Characterization, formulation and evaluation of glibenclamide with ß-cyclodextrin inclusion complexes tablets
Background: Glibenclamide is an oral antidiabetic drug which is practically insoluble in water. Formation of ß-cyclodextrin inclusion complex was able to increase glibenclamide solubility.
Objective: Aims of this study are to characterize, formulate and evaluate inclusion complex tablets of glibenclamide to meet the requirements in Pharmacopeia.
Methods: Inclusion complex was prepared in a 1: 1 and 1: 2 molar ratio by spray drying method. Characterization were performed by using Fourier Transform Infrared (FTIR) spectroscopy and Scanning Electron Microscope (SEM).
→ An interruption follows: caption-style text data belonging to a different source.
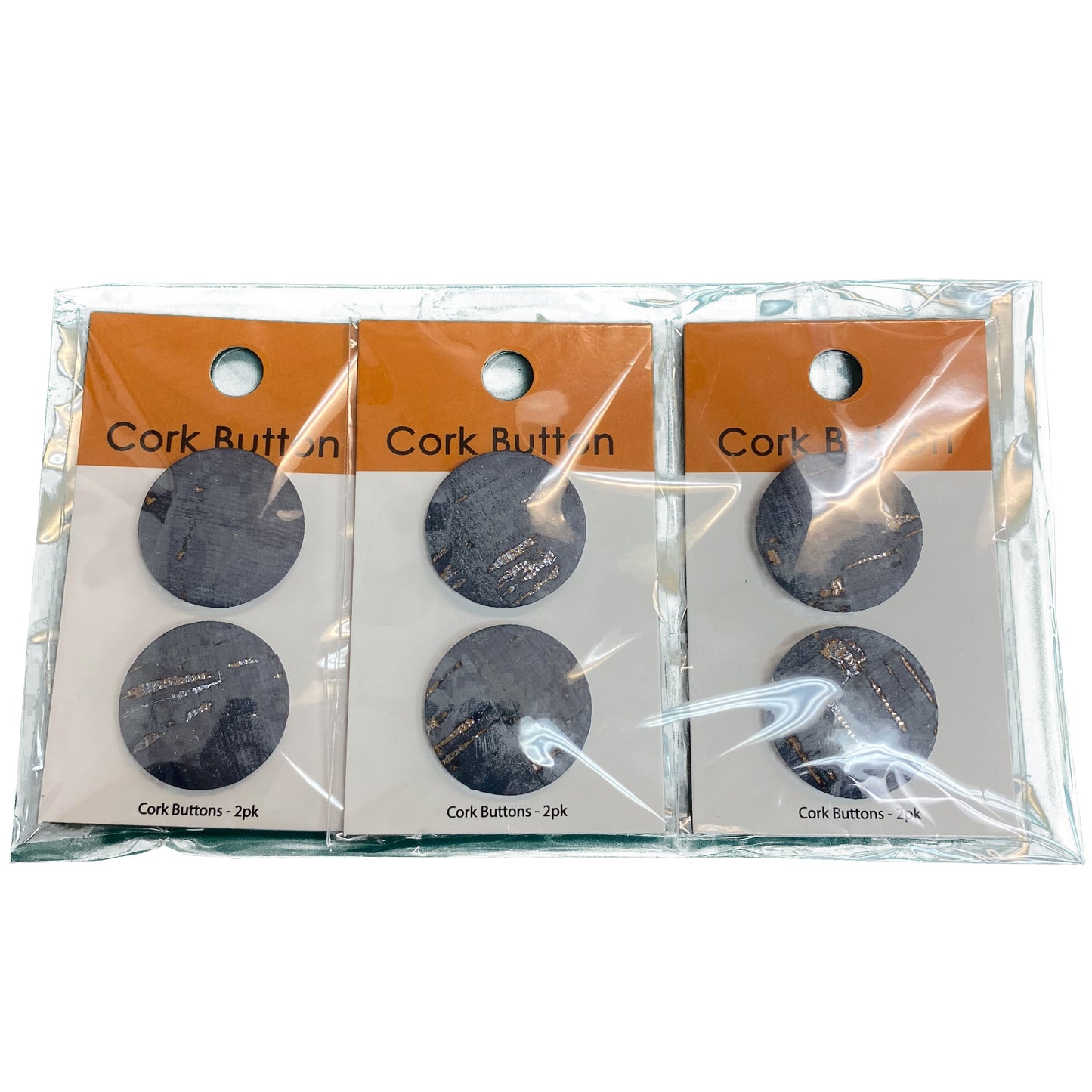 Belagio Enterprises 6pcs 1-inch Blue Cork Buttons – Decorative Natural Wood-Style Fasteners for Sewing & Crafts (2pcs per Card | 3 Cards per Order)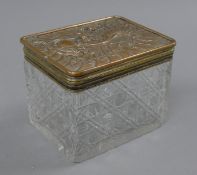 A French silver plate and cut glass casket. 12 cm high.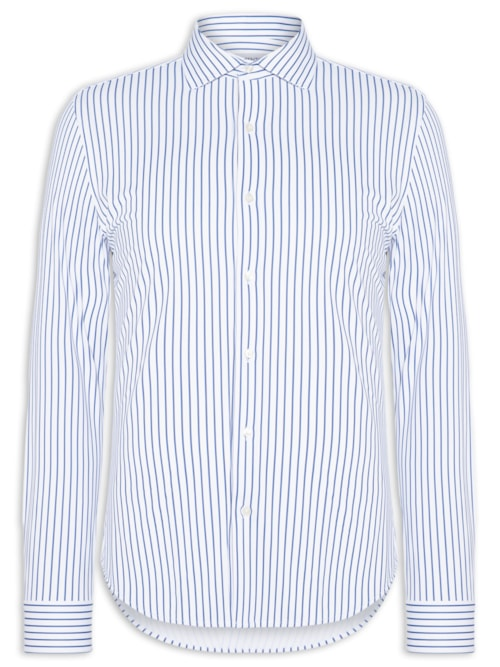Camisa Masculina Social Slim Fit Tech Dots Respirável - Azul Camisa Masculina Social Slim Fit Tech Dots Respirável - Azul
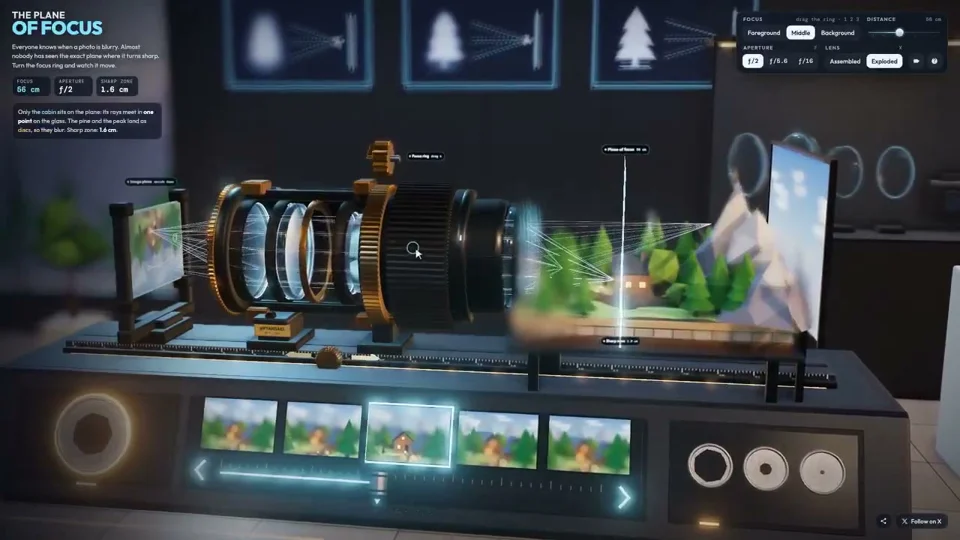 Camera lens elements slide apart on an interactive focus bench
Further, it was formulated into tablets by direct compression technique using primojel and crospovidone as disintegrants. Uniformity weight, hardness, friability, disintegration, and tablets were evaluated include dissolution. Dissolution studies of inclusion complex were performed by using United States Pharmacopeia (USP) II apparatus. Drug concentration dissolution was determined with high pressure liquid chromatography (HPLC).
Results: Result of FTIR and SEM provided evidence of glibenclamide and ß-cyclodextrin complex formation after using spray drying methods. The tablet evaluation with primojel and crospovidone as disintegrant showed that increase concentration of disintegrant would increase disintegration time of the tablets. All of the formulas meet the requirements in the Pharmacopoeia.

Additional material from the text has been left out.